After completing his undergrad, Jason worked for multiple members of Congress and began working at the local community college. Jason realized that his future could be much different than what he had been told when he was young. He recognized how fortunate he was to still have the physical abilities that he had. The likelihood of being healthier for longer than he expected sparked an ambition for even bigger career goals.
In 2016, Jason ran for county commissioner and won. He was humbled by his victory and motivated to keep growing and achieving. He started graduate school at the University of Michigan that same year and earned a master’s degree in public education. Still serving as county commissioner, Jason oversees policy and budget for the entire county (which houses about 370,000 people) and is responsible for the oversight of public health, mental health, sheriff’s office, county municipal services, and a multitude of other entities.
Disclosing on a platform
While working with his local government and members of Congress, Jason recognized that his role as a public servant afforded him the opportunity to raise awareness about muscular dystrophy and the importance of medical research. He wanted to share his diagnosis with his community and empower others. After disclosing to his employers and colleagues, he arranged a press conference with U.S. Representative Debbie Dingell, whom he was working for at the time. He realized that he had the ability to use his position to further his goal of helping others who are living with muscular dystrophy. Congresswoman Dingell’s direct influence on federal legislation motivated Jason to use his role as a vehicle for change. After speaking publicly about his diagnosis, Jason met with multiple members of Congress to share his story and advocate for legislative actions that will serve individuals with disabilities.
Living an inspired life
Jason has committed himself to living a purposeful life – rich with achievement and dreams that keep growing. He recently became engaged and has plans to buy a new home with his fiancé. He has reshaped his mindset and his path to success multiple times, always striving toward doing good for others and putting meaning into each moment.

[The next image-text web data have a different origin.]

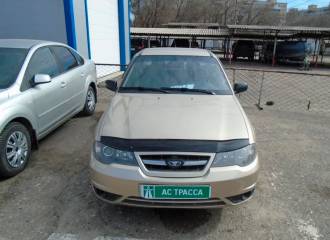 Образец цвета 770U DESERT BEIGE на автомобиле - №0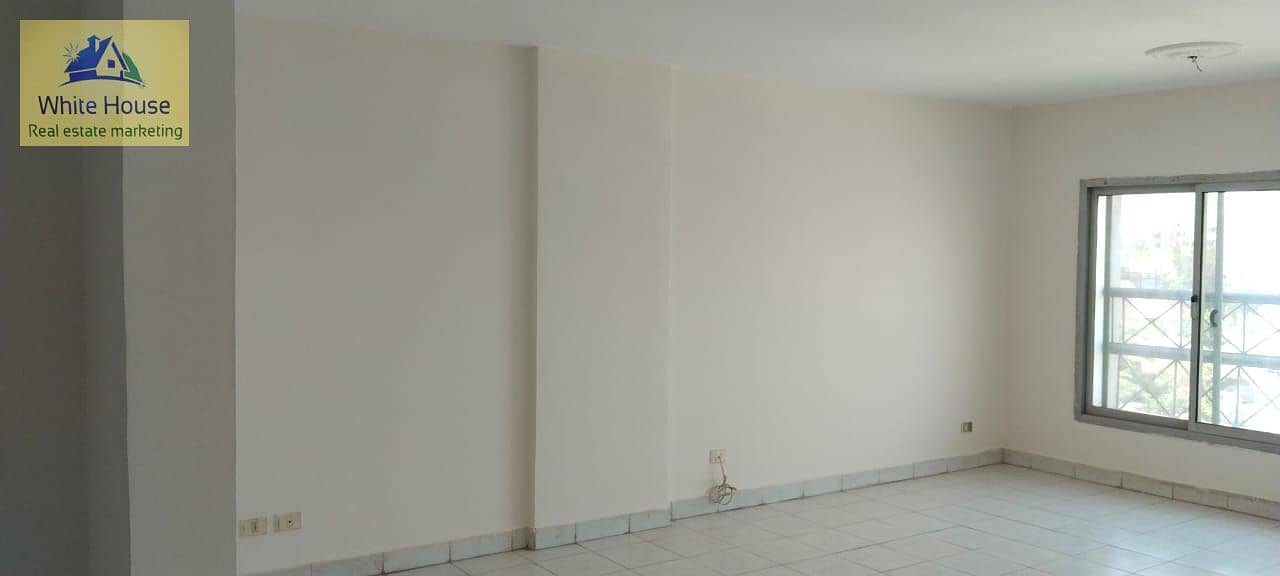 12 7bb6f79f-3d77-430f-be42-3b3466cab71f. jpg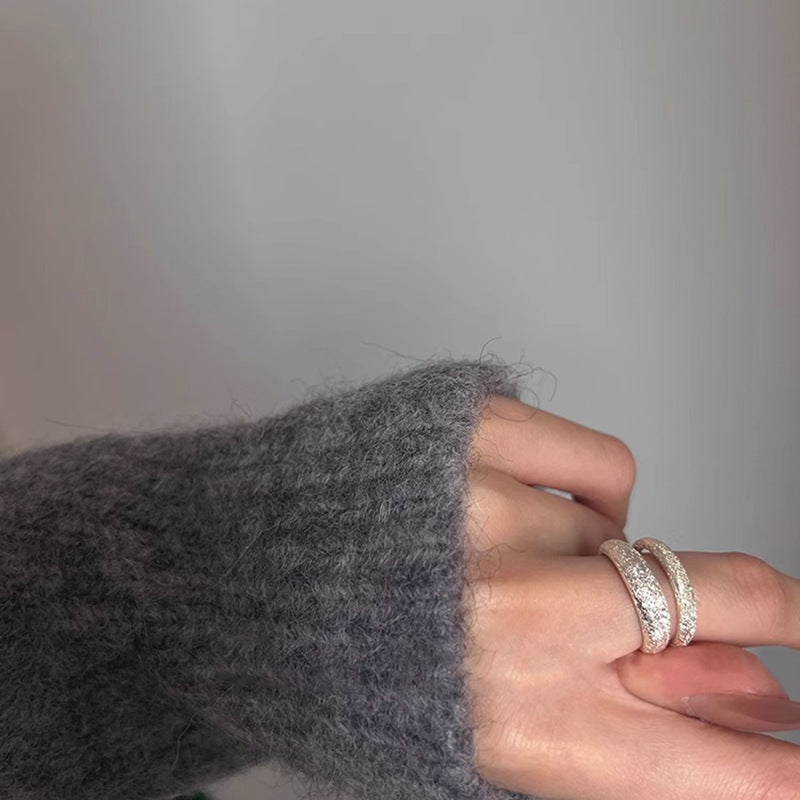 Kaunis Sormus ainutlaatuisella tyylillä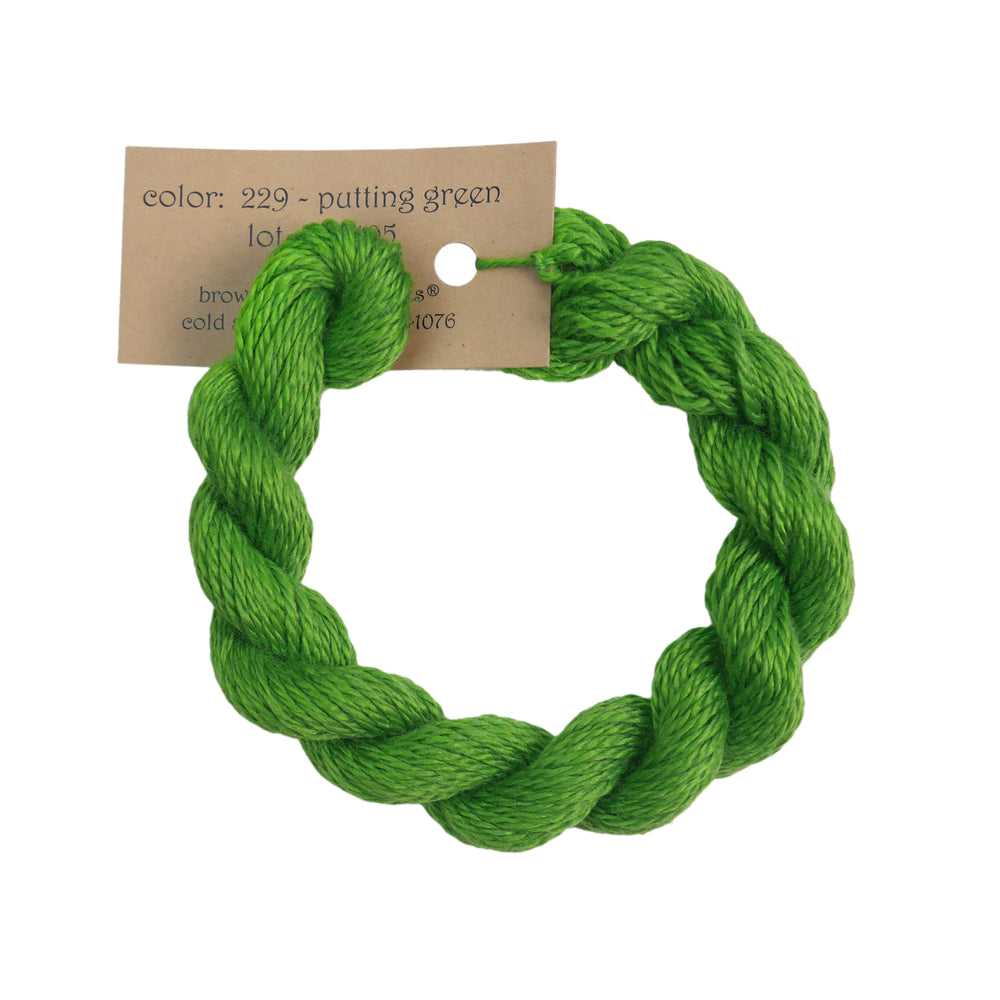 Silk & Ivory: Putting Green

“For me, when I was diagnosed with muscular dystrophy, it was very difficult and felt like the future might be bleak. But I very quickly realized that I could choose to see muscular dystrophy not as a disability, but as an inspiration to live every day as if it was my last and to make the most of every moment,” Jason says. “I have found out that to have this gift come to you at 13 years old is pretty special.”
Jason also shares that now, more than ever, there is reason to have real hope that there will one day be a cure for muscular dystrophy. He champions for legislature that supports funding for research with the belief and hope that a cure is around the corner. “That is one of the most important pieces for someone like me, is to have hope that we can achieve our dreams and do what we want to do with our lives,” he says.
He also imparted an important caveat to achieving those dreams: success doesn’t always look exactly the way that you imagined it, but you can adjust and achieve the version of your dream that feels right for you at each chapter in your life.
For Jason, helping others has created a sense of purpose and meaning in his life. “Every one of us is able to help others, whether we are mobile or otherwise equipped,” he says. “Through our words, our actions, living our best life, with hope and optimism, I think can be a signal that it is possible.”
(Note: MDA does not endorse political campaigns/candidates, elected officials, or political parties.)